Ink for ball-point is a bit more refined, still. Further if you get into pressurized cartridge ballpoint pens (does anybody bother with those, anymore?)
The technological miracle of ink-jet ink (and the disposable print head it comes shipped in) are orders of magnitude more refined that ballpoint ink, it would be as microchips are to Moses' stone tablets. How dare you malign the intent of the companies which sell you such precious marvels of the modern age?!? /s
I have an office-supply outrage dilemma: am I more pissed off at HP for holding printing technology hostage with only disposable crap machines available below the $10K price point, or am I more pissed off at 3M for their Post-It price gouging?
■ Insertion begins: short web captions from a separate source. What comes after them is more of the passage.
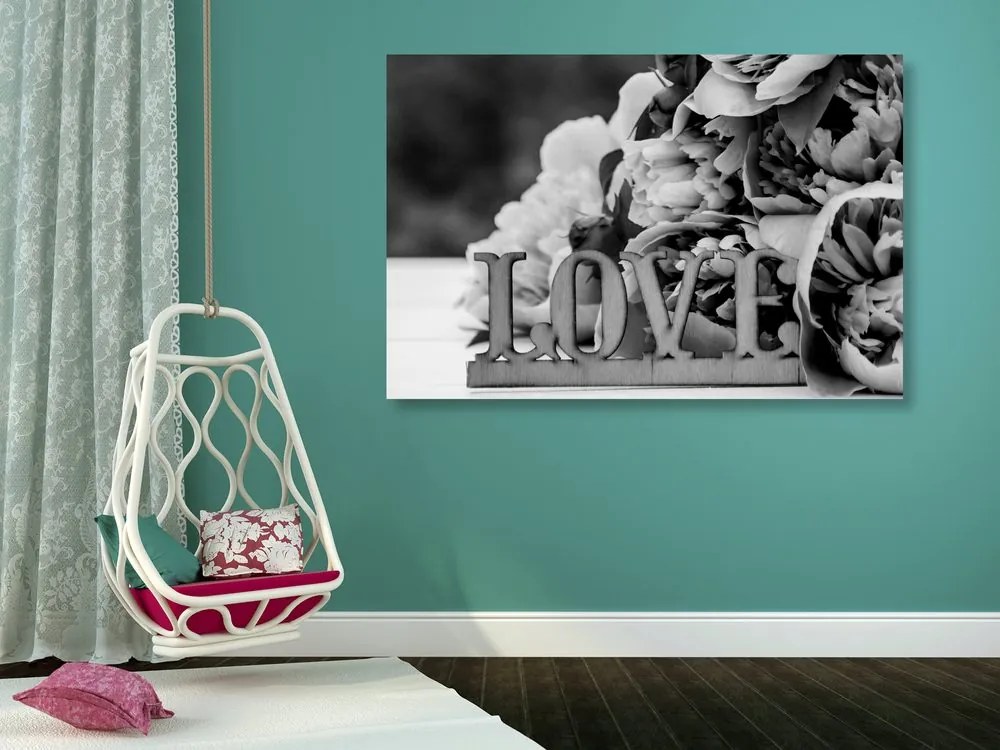 Stampa su tela – Peonie con scritta Love in bianco e nero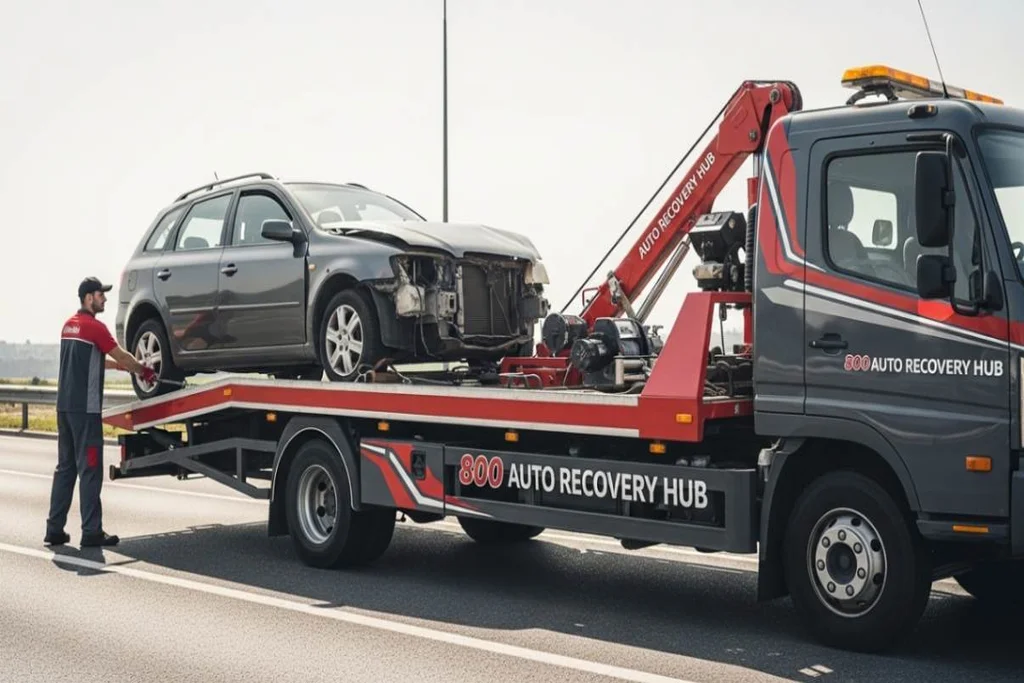 Accident-damaged or immobilized car being recovered by a flatbed tow truck with professional handling.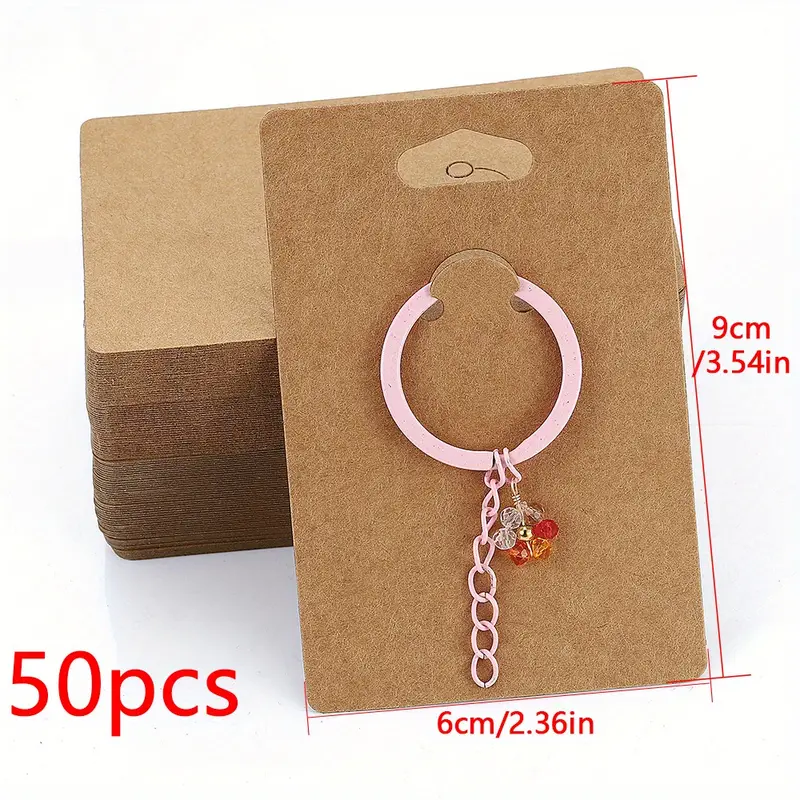 50pcs Keychain Display Cards Keychain Card Hold Cardboard for Keyring Jewelry, Jewels Display Packaging,Temu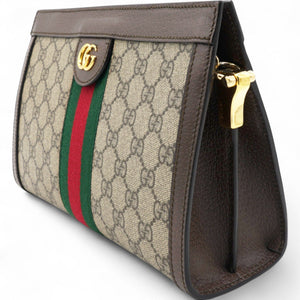 GG Supreme Monogram Web Ophidia Chain Shoulder Bag Brown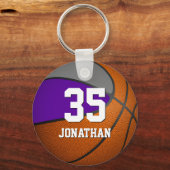 ボーイズバスケットボール紫のグレーチームカラー キーホルダー (正面)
Elect me king of the world, the Royal printer company will sell you sensible printers - only charging you for the environmental impacts of your decision to use dead trees - with all profits used to support pulpwood plantation expansions into non-ecologically sensitive areas.
🌻🌻🌻 [google.com]
(Score: 2) by ChrisMaple on Tuesday August 13 2024, @03:47AM
Why are you insulting the Royal Consumer Information Products, Inc., the maker of Royal typewriters?
(Score: 2) by ChrisMaple on Tuesday August 13 2024, @03:54AM
Most office work uses B&W laser printers. Toner can be fairly cheap (although not always), and on a price-per-page basis is a real bargain.
(Score: 2) by vali.magni on Tuesday August 13 2024, @12:13AM (1 child)
Perhaps the blurb was typed out in haste? The extract here reads:
> Intel hasn't experienced such _speculator_ public failures
while the original article has the word "spectacular" right.
(Score: 3, Informative) by ChrisMaple on Tuesday August 13 2024, @03:56AM
Freud was caught wearing a slip.
(Score: 2) by jasassin on Wednesday August 14 2024, @03:43AM
What with the silicon problems (FDIV), microcode to fix silicon problems (MELTDOWN etc. etc. etc.), design problems requiring firmware updates to prevent the CPU from burning itself out (13th and 14th gen Intel), and now to top it off... performance regression from Meteor Lake.
I understand AMD has had it's share of problems but they seem to be getting better, not progressively worse.